◆ Description of the task: Only the lines that contain the string "National" belong in the answer; pull them from the records.

[Short web captions]

========================================================================

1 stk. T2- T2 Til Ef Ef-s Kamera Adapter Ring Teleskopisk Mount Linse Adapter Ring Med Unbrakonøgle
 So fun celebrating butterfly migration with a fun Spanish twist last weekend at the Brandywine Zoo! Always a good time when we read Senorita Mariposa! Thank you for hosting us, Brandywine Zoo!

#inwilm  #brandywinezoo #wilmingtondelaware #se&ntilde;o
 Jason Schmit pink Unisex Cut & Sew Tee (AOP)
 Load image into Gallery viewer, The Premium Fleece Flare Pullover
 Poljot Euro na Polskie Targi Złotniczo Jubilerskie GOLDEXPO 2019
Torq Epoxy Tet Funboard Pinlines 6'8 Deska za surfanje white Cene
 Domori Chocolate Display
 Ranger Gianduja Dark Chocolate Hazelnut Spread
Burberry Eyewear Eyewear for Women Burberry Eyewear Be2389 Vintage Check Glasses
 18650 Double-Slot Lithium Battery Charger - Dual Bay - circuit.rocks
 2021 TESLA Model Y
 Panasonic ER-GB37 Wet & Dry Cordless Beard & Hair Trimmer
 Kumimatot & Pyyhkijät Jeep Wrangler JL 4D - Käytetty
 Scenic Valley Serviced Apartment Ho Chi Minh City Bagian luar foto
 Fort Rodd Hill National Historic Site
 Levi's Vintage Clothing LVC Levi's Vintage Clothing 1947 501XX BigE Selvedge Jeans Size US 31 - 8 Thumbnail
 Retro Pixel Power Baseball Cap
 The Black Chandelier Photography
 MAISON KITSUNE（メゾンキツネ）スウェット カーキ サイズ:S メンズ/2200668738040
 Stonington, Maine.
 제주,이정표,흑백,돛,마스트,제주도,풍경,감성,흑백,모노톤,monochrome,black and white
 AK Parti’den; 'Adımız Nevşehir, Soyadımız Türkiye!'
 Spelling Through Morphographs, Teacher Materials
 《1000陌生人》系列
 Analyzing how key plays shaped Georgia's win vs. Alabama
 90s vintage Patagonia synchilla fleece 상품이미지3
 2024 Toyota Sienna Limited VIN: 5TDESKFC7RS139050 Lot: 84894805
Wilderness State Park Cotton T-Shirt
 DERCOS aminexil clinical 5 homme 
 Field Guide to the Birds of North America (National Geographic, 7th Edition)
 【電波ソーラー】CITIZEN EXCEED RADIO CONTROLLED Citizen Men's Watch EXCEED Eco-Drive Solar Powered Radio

========================================================================

◆ Solution to this exercise:
 Fort Rodd Hill National Historic Site
 Field Guide to the Birds of North America (National Geographic, 7th Edition)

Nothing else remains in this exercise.